DATA FOR ANALYSIS =
= = = = = = =

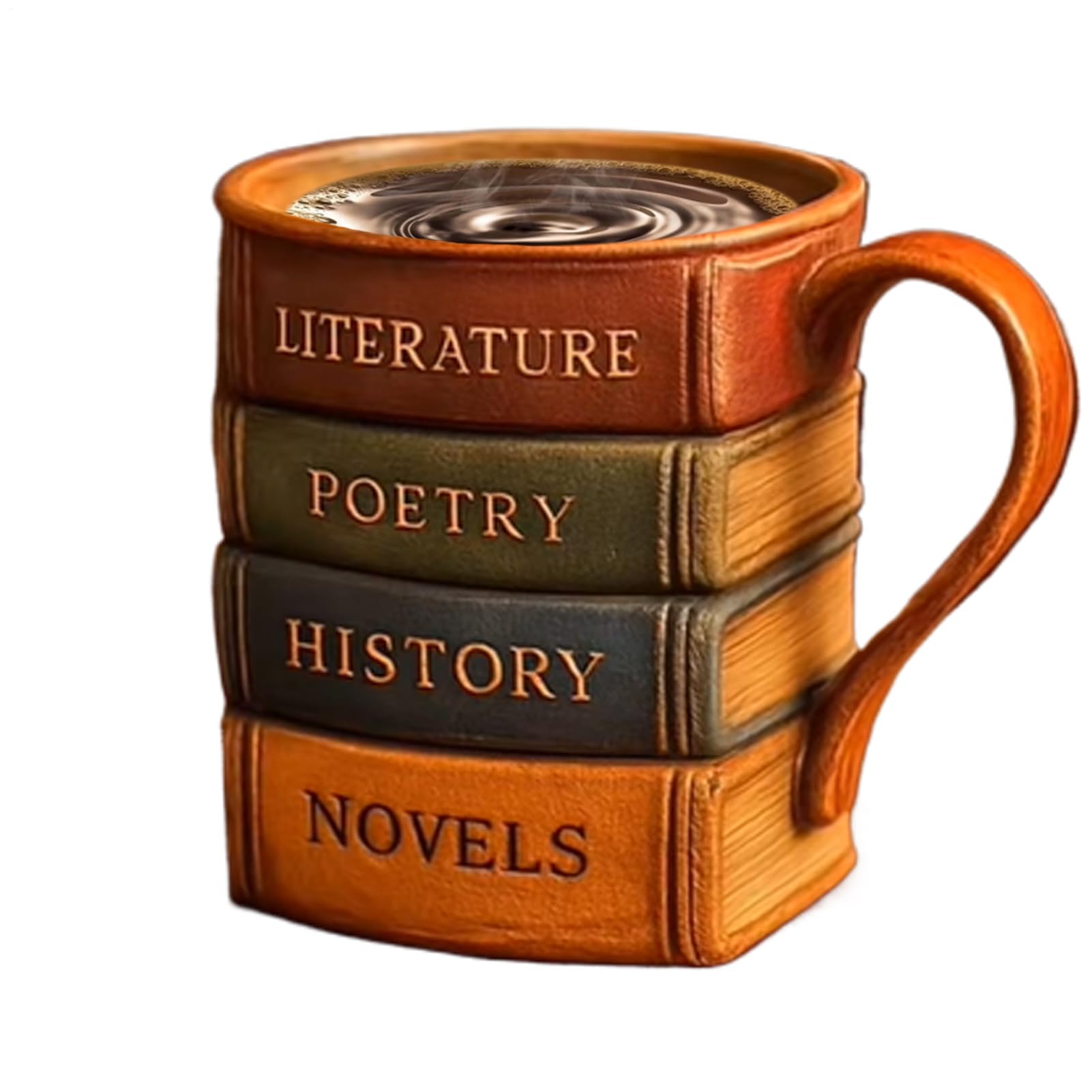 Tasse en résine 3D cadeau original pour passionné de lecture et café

= = = = = = =

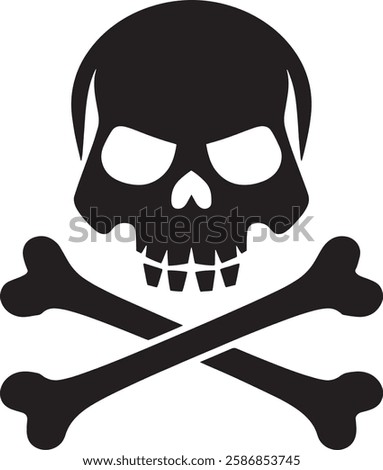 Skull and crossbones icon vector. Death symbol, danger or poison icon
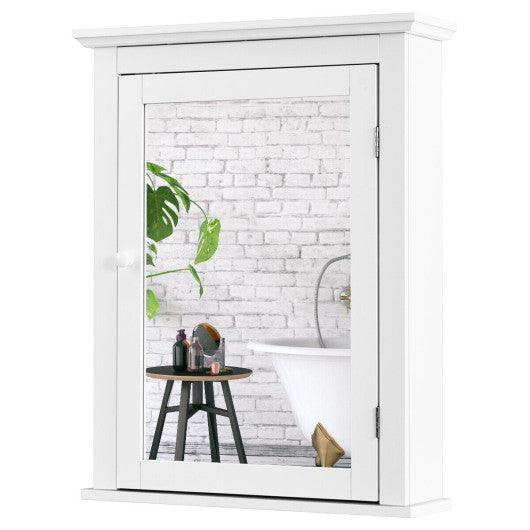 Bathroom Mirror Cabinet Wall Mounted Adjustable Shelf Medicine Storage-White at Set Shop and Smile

= = = = = = =

ABOUT THIS TASK =
Start with the line with "Skull and crossbones" in the listing above and stop after the line with "Bathroom Mirror Cabinet". Write out exactly the lines in that stretch and no others, without pictures.

SOLUTION TO THE PROBLEM =
 Skull and crossbones icon vector. Death symbol, danger or poison icon
 Bathroom Mirror Cabinet Wall Mounted Adjustable Shelf Medicine Storage-White at Set Shop and Smile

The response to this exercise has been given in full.